**WORK TO COMPLETE:**
Word for word, restate the records that come next, omitting the images.

Captioned web image data
════
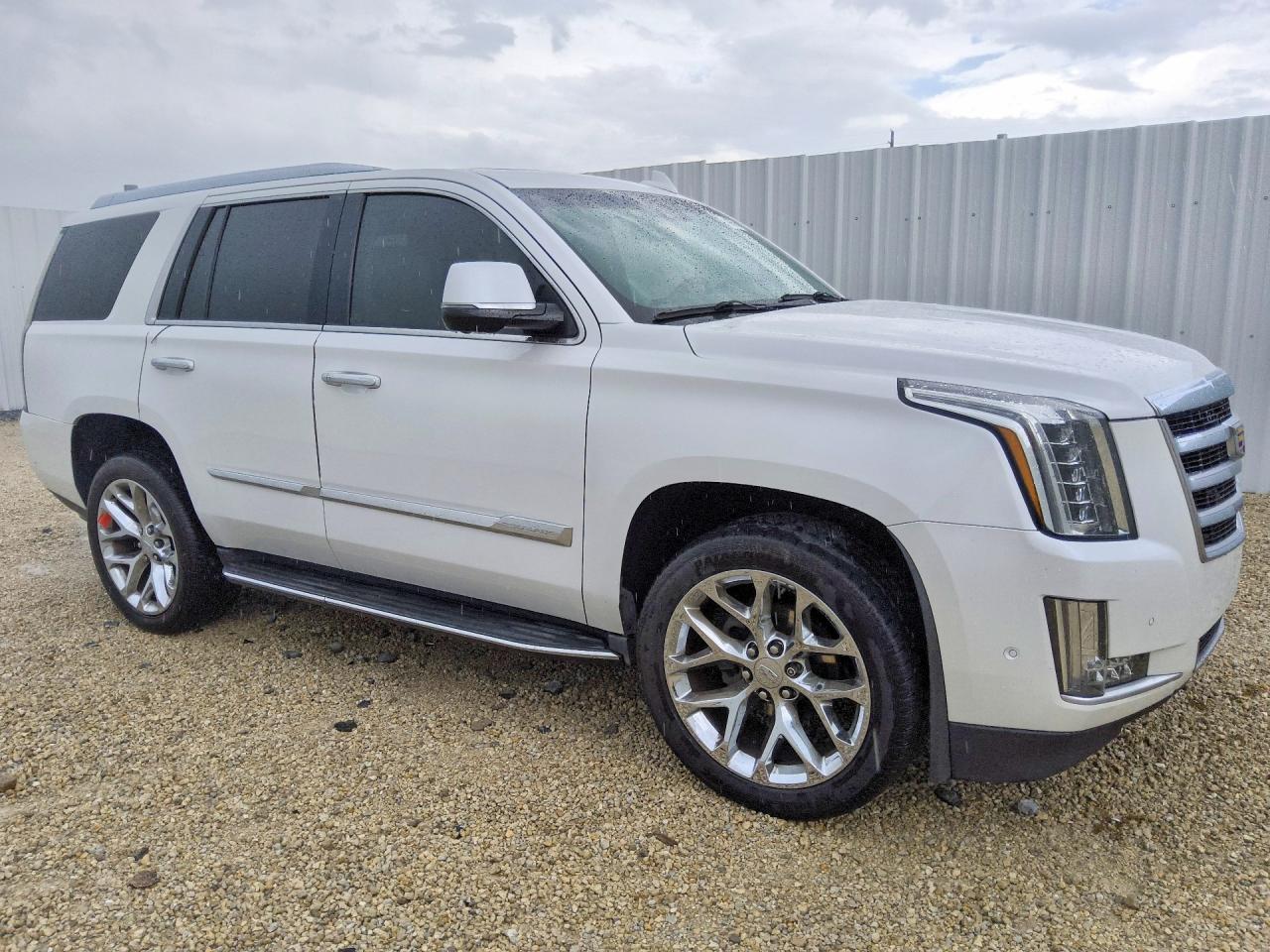 2017 CADILLAC ESCALADE LUXURY — снимка 4
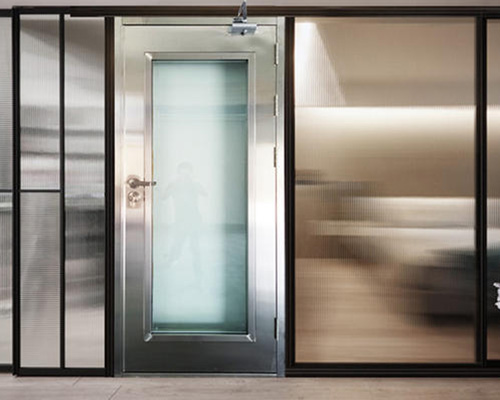 玻璃隔热防火门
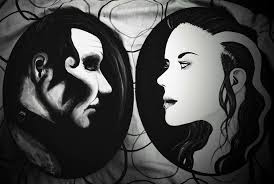 Alissa White-Gluz 🖤 💙 🖤 💙 🖤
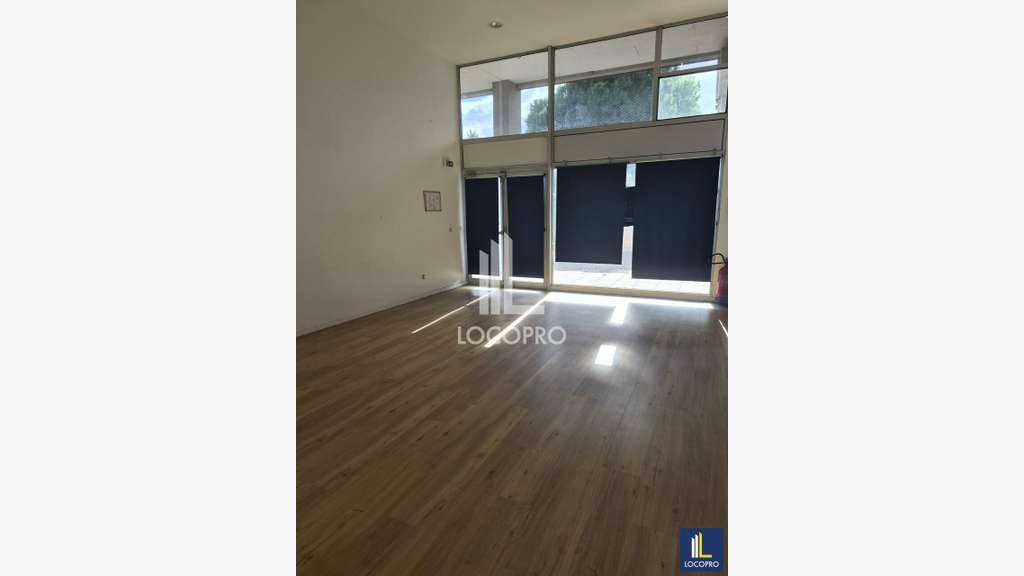 Location local commercial 100m² St-Laurent-du-Var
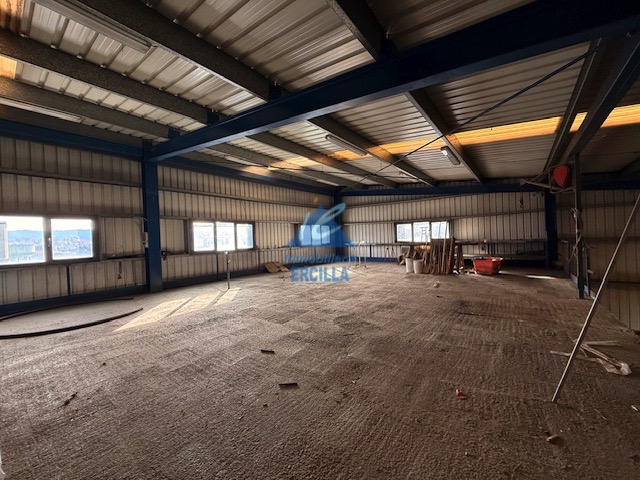 Pabellón en alquiler con grúa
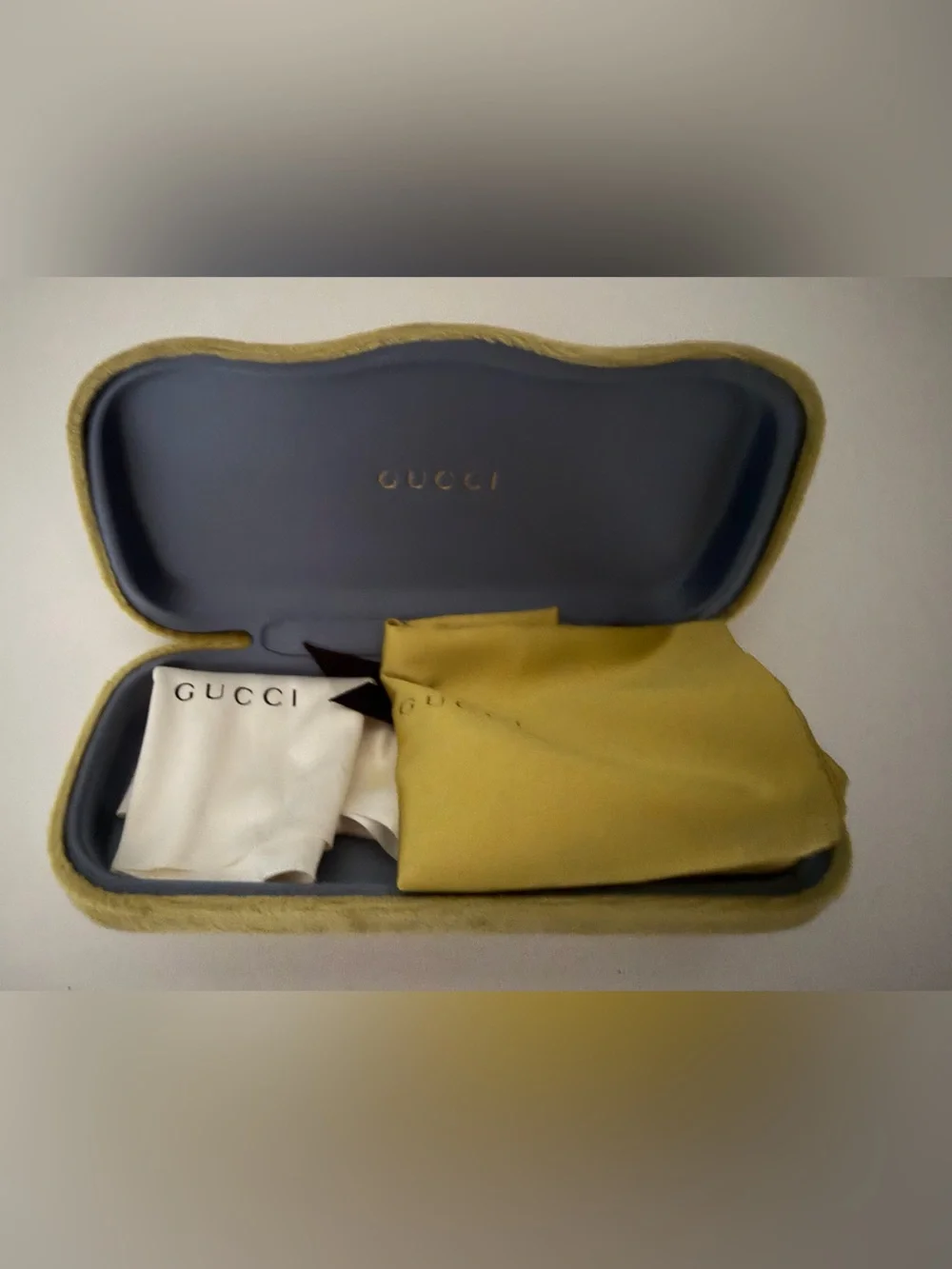 Gucci Olive Green Velvet Glasses Case with Olive Drawstring Pouch
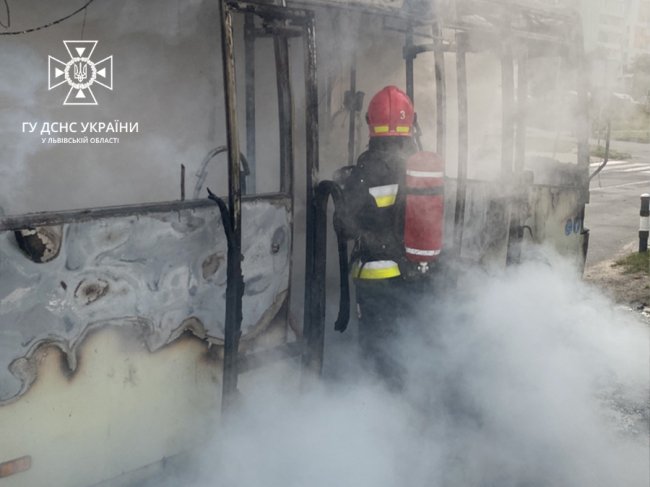 У Львові вранці спалахнула маршрутка з пасажирами. ФОТО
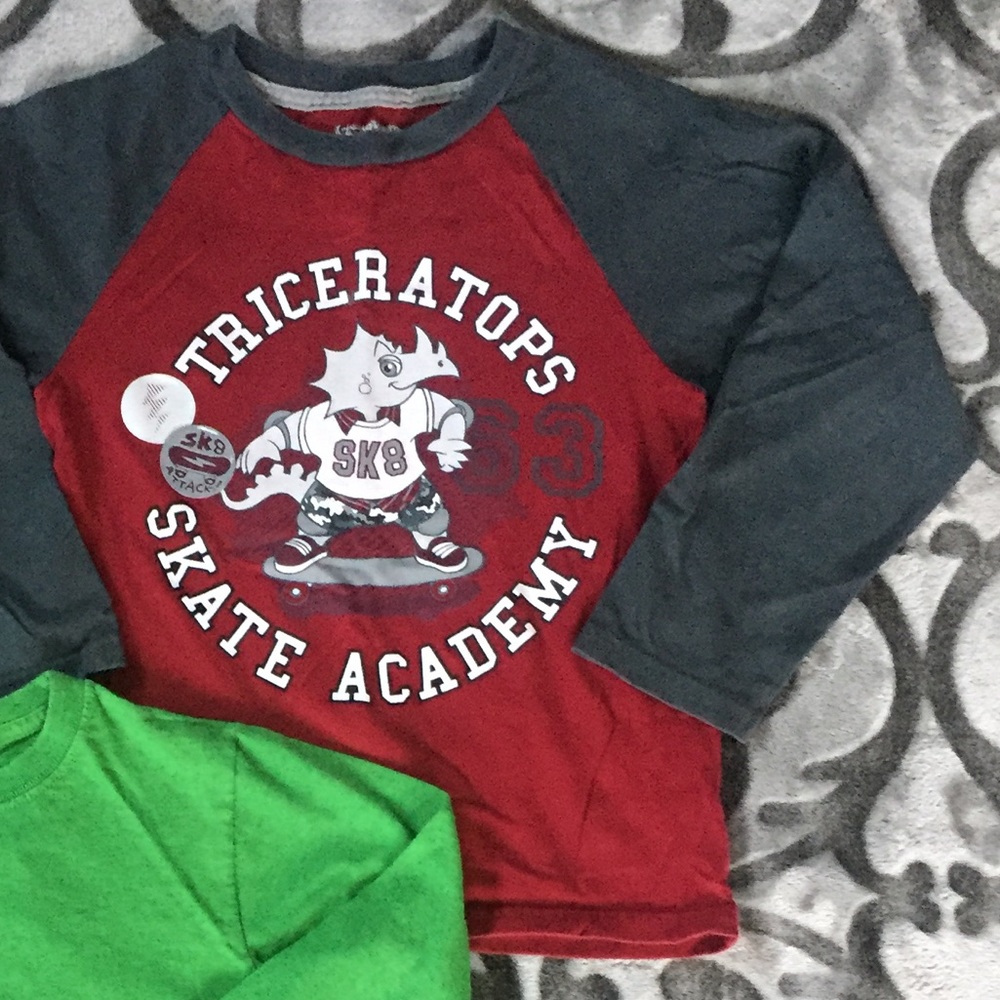 GARANIMALS boys size 7 tee dinosaur skateboarding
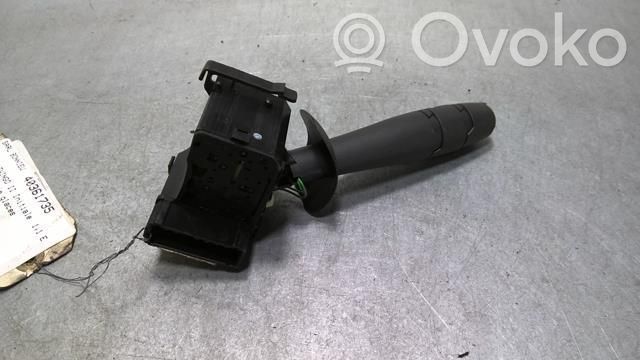 Renault Twingo II Wiper control stalk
════
**REPLY TO THE EXERCISE:**
 2017 CADILLAC ESCALADE LUXURY — снимка 4
 玻璃隔热防火门
 Alissa White-Gluz 🖤 💙 🖤 💙 🖤
 Location local commercial 100m² St-Laurent-du-Var
 Pabellón en alquiler con grúa
 Gucci Olive Green Velvet Glasses Case with Olive Drawstring Pouch
 У Львові вранці спалахнула маршрутка з пасажирами. ФОТО
 GARANIMALS boys size 7 tee dinosaur skateboarding
 Renault Twingo II Wiper control stalk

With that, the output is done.